Wednesday, March 26, 2014

Stewart Pond Sketches

I’ve hardly had time to breath lately, but I still have been getting out and sketching.  Our local pond provides a wonderful place to sketch and photograph.  Here are some recent field sketches from there: 
Lots of activity at the pond.  One double-crested cormorant sits on top of a post while the other chases after a common merganser with its fish.  I had to chuckle because just a few days earlier a similar merganser stole a fish from a hooded merganser (which is quite a bit smaller).  This time the cormorant won and the merganser had to give up its fish.  

Also a seven ducks come 'slipping' in to the pond.  I love how they twist sideways when they want to loose altitude quickly.  …. and one great egret flies by. 
Canada geese squabbling on top, mallards in the middle, and a ring-necked diving on the bottom. 
 The whole page of Canada geese.  Sketching a variety of poses is such good practice.  

Thursday, March 13, 2014

We Call Him Flitter

Ruby-crowned kinglets have got to be one of the hardest birds to photograph!  The little stinkers never stay still.  They flit, bounce, twist, and pop off to the next spot.  Dale and I call them ‘Flitter.’

Today, March 7, Dale and I have found a busy winter flock of little birds – more ruby-crowned kinglets than we’ve ever seen together (6?  12?).  They flit about too much to really count.  They just seemed to be everywhere.
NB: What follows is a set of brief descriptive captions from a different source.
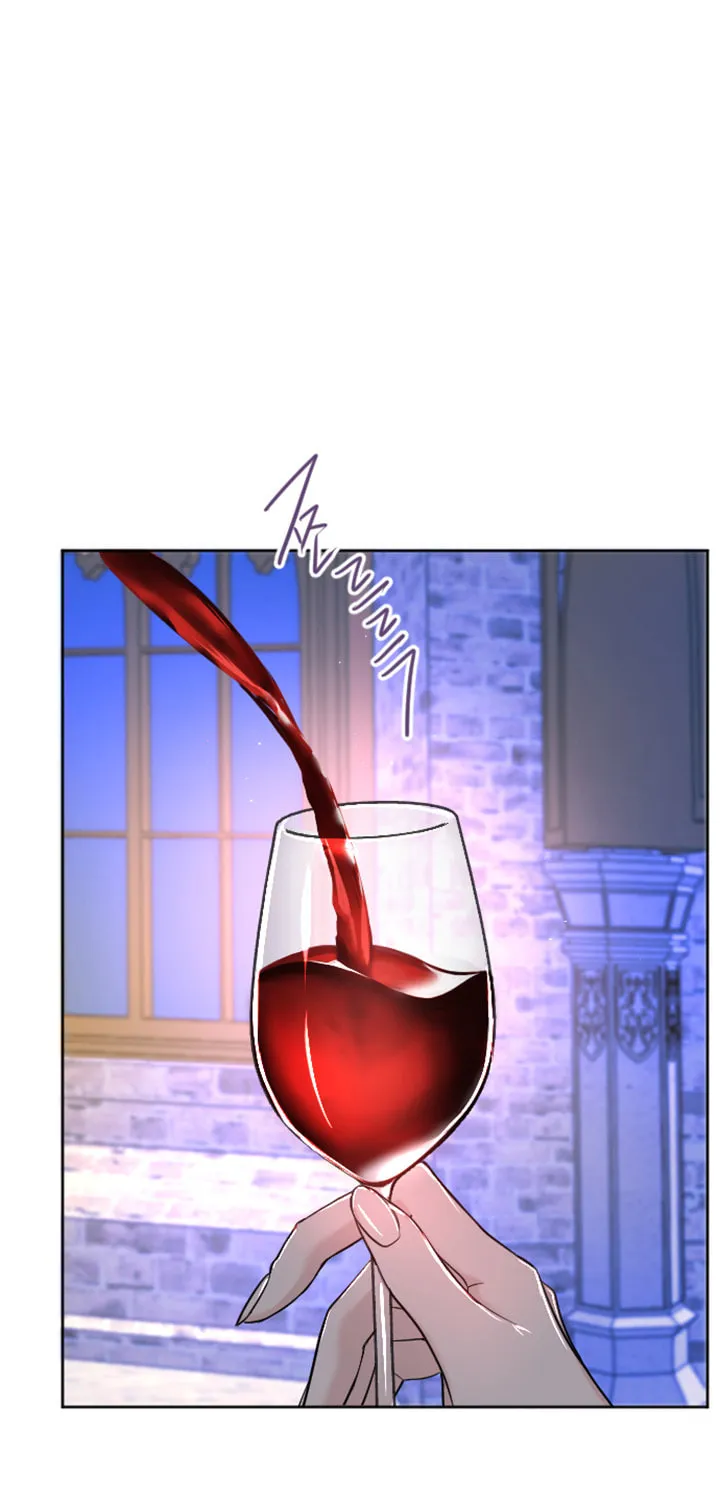 ‏I Will Fall With the Emperor Chapter 22 page 25 - 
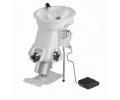 Palivov erpadlo Starline ‐ PC 1034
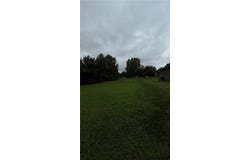1838 N 78th Terrace, Kansas City, KS 66112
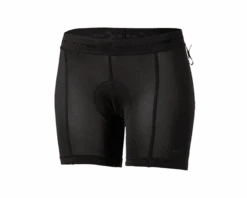 Cube WLS Innenhose Motion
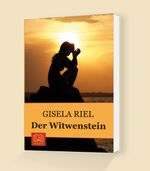 Der Witwenstein Cover des Buches Der Witwenstein (ISBN: 9783944648026)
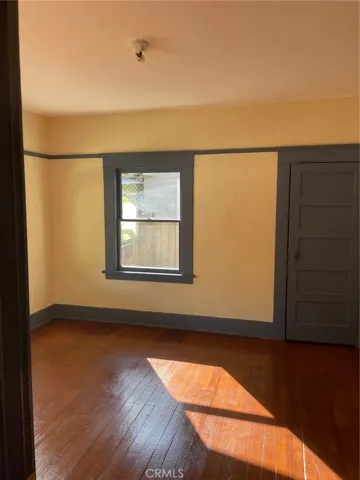 623 Laurel Avenue, Pomona, California 91768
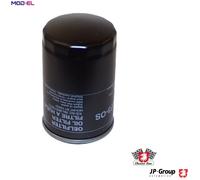 OIL FILTER 1118501300 FOR BARKAS NSU VW SANTANA GOLF/III/Van/Cabriolet VENTO 353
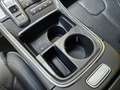 Hyundai SANTA FE 1.6 T-GDI PHEV Premium Plus Sky /Apple Carplay/Pan Grijs - thumbnail 28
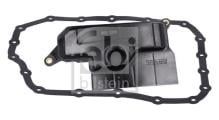 FEBI BILSTEIN 106898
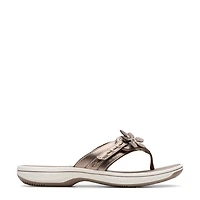 Women's Breeze Opal Sandal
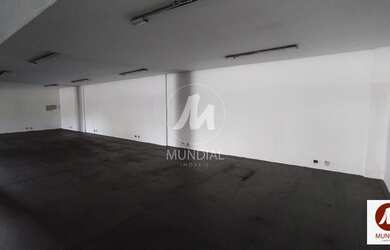 Imagem 7: Salão/Galpão (salão - sobrado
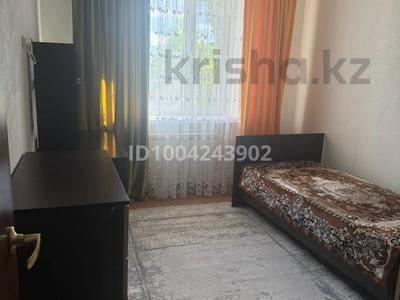 2-бөлмелі пәтер · 67 м² · 4/10 қабат, мкр 12, бағасы: 150 000 〒 в Актобе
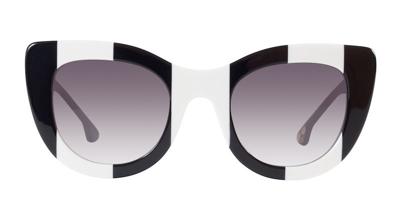 The Sunglasses You Need This Fall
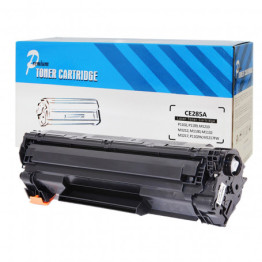 TONER HP COMPATÍVEL CE285A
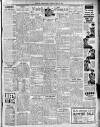 Belfast News-Letter Tuesday 03 July 1934 Page 5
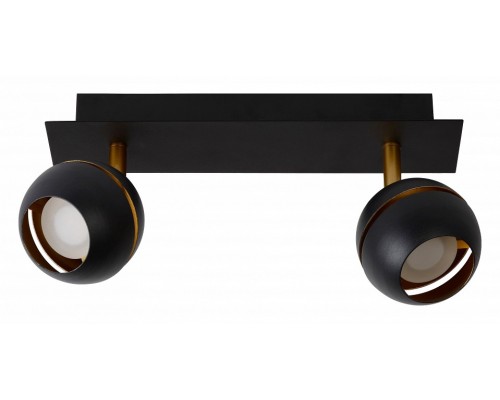 Спот Lucide Binari led 77975/10/30 Спот Lucide Binari led 77975/10/30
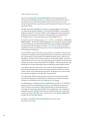 Фото Sicher in Alltag und Beruf! C1.1 Kursbuch + Arbeitsbuch 9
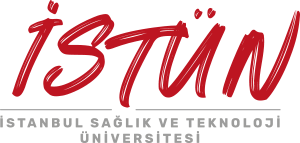 İstanbul Sağlık ve Teknoloji Üniversitesi yjy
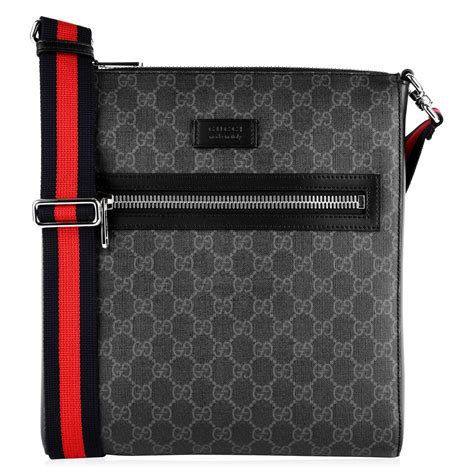 flannels gucci bag men|gucci handbags flannels.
At least two chestnut-backed chickadees, and some black-capped chickadees bounce about too, but in a more sedate manner, if one can call a chickadee sedate.  Spring warmth has opened the pussy willows and spring showers have watered all gardens of mosses and lichens.  This stretch of the Umpqua River flows through dark forest, but along the river edges are patches of alder, willow and maple.  The willows are a-buzz with bees and a few flies.  The flock of birds pick about in all the trees, sometimes pounding away on something hard; three times I saw one with a little caterpillar about an inch long; mostly he is busy, busy, busy moving from one spot to another. 

Dale and I each spent about two hours doing our darndest to get sharp photos of Flitter.  The biggest challenge is to get a peek of the male’s red crown.  He can hide it entirely – which he usually does.  When aggravated he raises a bit of red and he can flare it into a glorious patch of red. 

Finally I had Flitter close and a little peak of red was showing ….. click!  I was sure I’d gotten that little feller until I looked at the image on the back of my camera – tail feathers!   Click! More tail feathers!  Three times in a row all I got was tail feathers.  I began to think of a few other names to call Flitter. 

Sometimes being an artist is really handy.  I went back to the car and loaded up with my stool, sketchbook and paint.  By now I had been watching kinglets for about two hours and had them pretty well sketched in my brain.  I sat down and drew what I couldn’t get with the camera.  Dale had more picture patience and kept on photographing. 

This photo of Flitter was taken in Yellowstone, one of the places ruby-crowned kinglets breed.  I well remember the day we heard something blasting forth from the top of a Douglas Fir and about broke our necks trying to figure out who had such a big voice -- a ruby-crowned kinglet.  They don't breed near home and so we weren't familiar with their song.  Fortunately sometimes they come down to lower levels to sing too.  This little guy was tucked in bushes near a pond.

Saturday, March 8, 2014

Twee, Twee, Twee, Twee

March 3, 2014:  Roseburg, Oregon

Friends in Wisconsin and family in New Hampshire are still talking about below zero weather, meanwhile we just finished our first mowing of the lawn. If we had waited any longer we’d have to get a hay bailer out there.  Our lawn is lush and green all winter, then dry and crunchy by mid summer.  The spring challenge is to find a day when the grass is dry enough to cut, dry enough so we don’t stall the lawnmower more than just a few times. 

Daffodils are blooming and my ornamental cherry just popped into bloom. 

And today nature surprised me with a bird call I wasn’t familiar with.  Dale and I were walking about a block from home and heard, “Twee, twee, twee, twee” – about four insistent calls, a brief pause and then four more.  I’d just heard a junco trilling his little heart out, the first of the season, and now this strange call.

Fortunately the little bird had the decency to show himself.  He spooked to a new location.  Even though all I had was a silhouette, I knew immediately I was looking at a white-breasted nuthatch. He clung to the side of a birch in proper nuthatch fashion and then flew to the tippy top of another tree to sing.  There he sat, way up above the neighborhood singing his little heart out. 

When we got home I did a little searching and found white-breasted nuthatches sound a little different in different parts of the country.  Mine sounds very much like a recording from Monterey Bay, California that I found on is a wonderful web site for checking out bird songs.